Enquanto isso, Epiphânio já brandia o PH e os dois LL do Camillo, preparando-se para os controles migratórios nas inúmeras viagens que fez por Oropa, França e Bahia. Numa delas, em Rapallo, Itália, só obteve atenção, a cordialidade e a confiança de uma desconfiada “mamma”, quando apresentou seu PH e os dois LL. É que o nome dela tinha TH e os LL. Aí, a “mamma” amaciou, sorriu e entabulou uma conversação mais profunda, chegaram até a discutir com Deus, ela na certeza, quem sabe, de que por aquela ortografia não estava lidando com um educado jihadista.
Fui reencontrá-lo ainda em Belo Horizonte: ainda bem. Resgatamos o elo perdido quando do lançamento do meu livro Sina Cigana. Aproveitei e perguntei onde tinha estado esse tempo todo, pois deixou-nos sorrateiramente no meio de um “onde está o anel” ou na roda do castelo da Margarida, vou ali e volto, mas afinal de contas nós éramos pirralhos e ele já sabia ler desde mui tenra idade.
Agora, nosso papo é outro.
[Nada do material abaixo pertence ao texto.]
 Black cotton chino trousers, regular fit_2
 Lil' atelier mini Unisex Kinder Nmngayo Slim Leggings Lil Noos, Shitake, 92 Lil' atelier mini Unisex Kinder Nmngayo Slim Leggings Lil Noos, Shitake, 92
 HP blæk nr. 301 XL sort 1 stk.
Falamos de literatura e viagens. Oropa, França e Bahia é pouco. Temos más companhias: o grupo Tertúlia, escalado com Octavio, Olavo, Edmundo, Paulo, Francisco, ele e eu, a cujo nome acrescentei Quixotesca, derivado da Livraria Quixote, da rua Fernandes Tourinho, onde os encontrei pela primeira vez. Mas nem só dessas más influências vive o moço do PH e os LL, há ainda um tal Cláudio Pérsio, que gosta de desnudar Guimarães Rosa com Outra Mirada.
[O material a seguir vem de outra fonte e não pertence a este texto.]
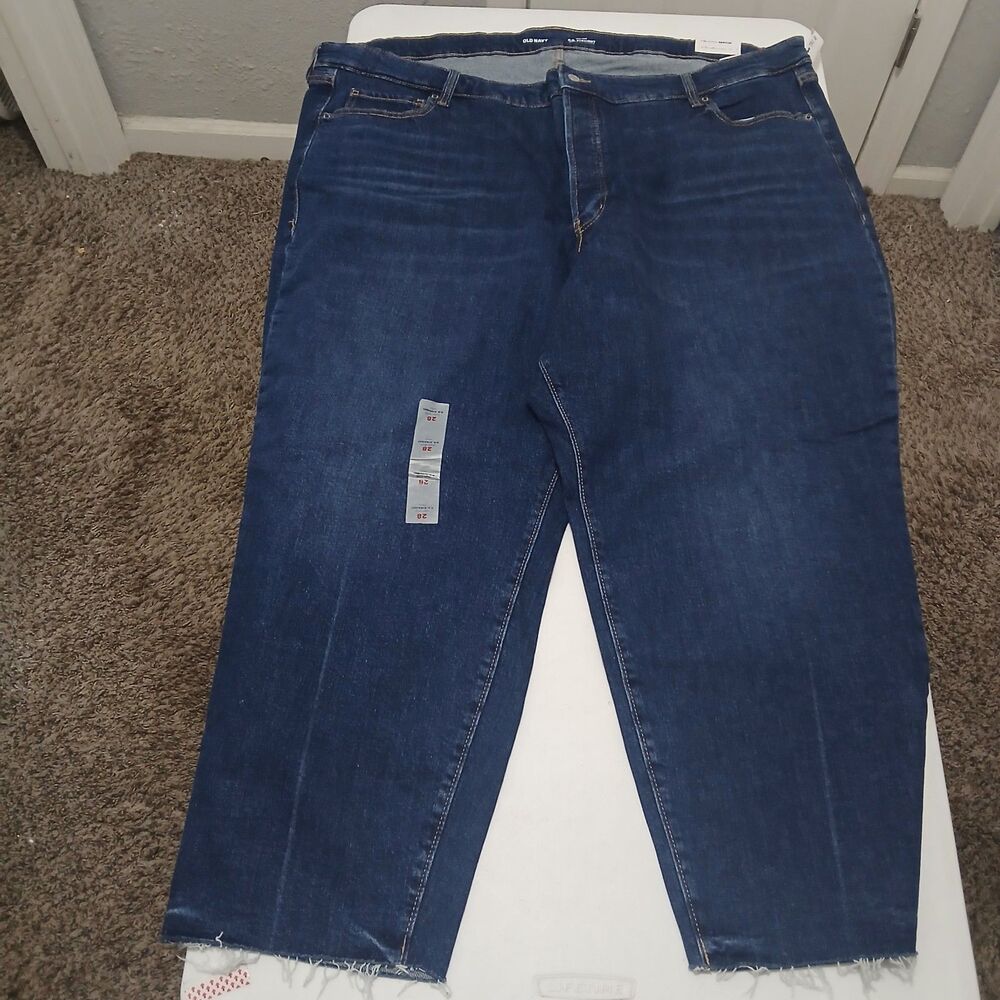 Women's O.G. Straight Dark Blue Jeans by Old Navy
Mas o Beco dos Canudos continua na pauta. Estamos até pensando criar um grupo reivindicatório para recuperar o nome antigo do nosso Beco, com todo respeito ao Professor Chiquinho Teodoro, may God bless him. Mas, seja qual for a empreitada, ele, precavido, nunca sai sem o PH e os LL: pode ser que precise.